In sample space 𝑆, for events 𝐴 and 𝐵, what is the set of outcomes for the event 𝐴 union 𝐵 bar?
We begin by recalling what we mean by the notation in the question. 𝐵 bar, also sometimes written 𝐵 prime, is the complement of event 𝐵. This is the set of outcomes not contained in event 𝐵. In this question, we are trying to find the set of outcomes for the event 𝐴 union 𝐵 bar. The union of two events is the set of outcomes that occur in one event or the other or in both of them. From the Venn diagram, the set of outcomes in event 𝐴 are three, six, nine, 12, and 15. These are the numbers in the three times table between one and 15 inclusive. Set 𝐵 contains the three outcomes four, eight, and 12. These are the numbers in the four times table between one and 15.

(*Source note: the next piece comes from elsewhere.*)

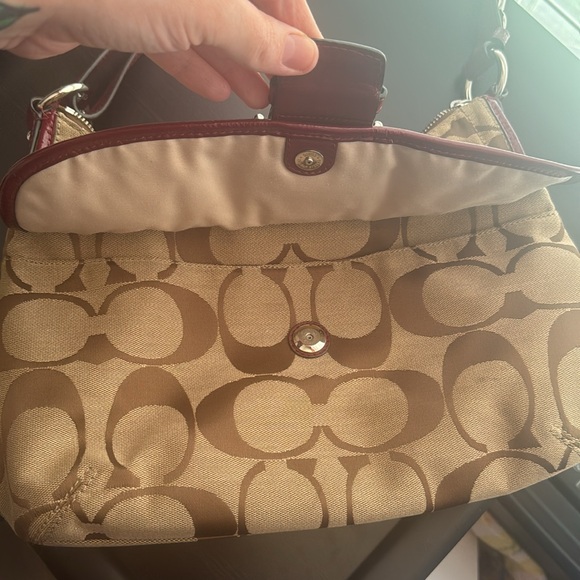 Coach purse - Picture 11 of 16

The complements of event 𝐵 will therefore contain the outcomes that are not in event 𝐵. These are the numbers not in the four times table in the sample space. They are one, two, three, five, six, seven, nine, 10, 11, 13, 14, and 15. We want the union of event 𝐴 and the complement of 𝐵. As the outcomes three, six, nine, and 15 occur in both events, we do not need to count these twice. The union of event 𝐴 and the complement of 𝐵 contains the outcomes one, two, three, five, six, seven, nine, 10, 11, 12, 13, 14, and 15. This is all the outcomes in the sample space except four and eight, as these two outcomes only occur in set 𝐵. The required area on the Venn diagram is everything outside of this section.